Artista Jaguarunense participa com sua produção na abertura da 1° Bienal Black Brazil Art

Artista Jaguarunense participa com sua produção na abertura da 1° Bienal Black Brazil Art

A artista jaguarunense Karolyne Dos Santos Pacheco participou nesta quinta-feira dia 07 de novembro da abertura da 1º Bienal Black Brazil Art que ocorreu no Palácio Cruz e Souza em Florianópolis. A mesma teve sua produção Linhas Vivas selecionada por meio de um edital para a Bienal e que se encontra exposta na Galeria de Arte do Mercado Público em Florianópolis.
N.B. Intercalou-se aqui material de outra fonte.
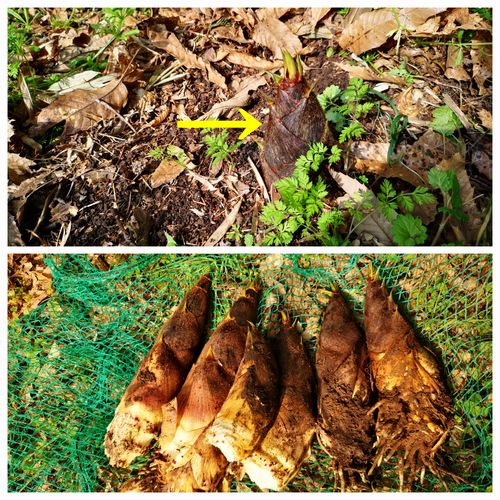 ����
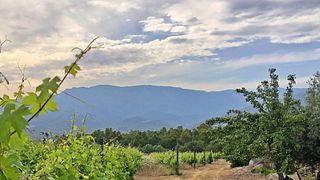 Colline Del Vento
As exposições no Estado de Santa Catarina ficaram localizadas no Palácio Cruz e Souza e na Galeria de Arte do Mercado Público ambos em Florianópolis. Podendo o público visitar no período de 08 de novembro até 01 dezembro no Palácio Cruz e Souza e na Galeria de Arte do Mercado público 08 de novembro até 14 de dezembro.

A 1º Bienal Black Brazil Art tem o intuito de divulgar as produções de mulheres e mulheres negras de todas as regiões do Brasil com exposições aqui na região Sul contemplando os estados do Parana, Santa Catarina, e Rio Grande do Sul. Em que ambos esse estados o eixo de arte muitas vezes não é valorizado principalmente falando dos trabalhos das mulheres artistas. Esta exposição quer evidenciar os trabalhos dessas mulheres que muitas vezes não aprecem em museus, ressaltando em suas produções as várias temáticas envolvendo a mulher e mulher negra na sociedade.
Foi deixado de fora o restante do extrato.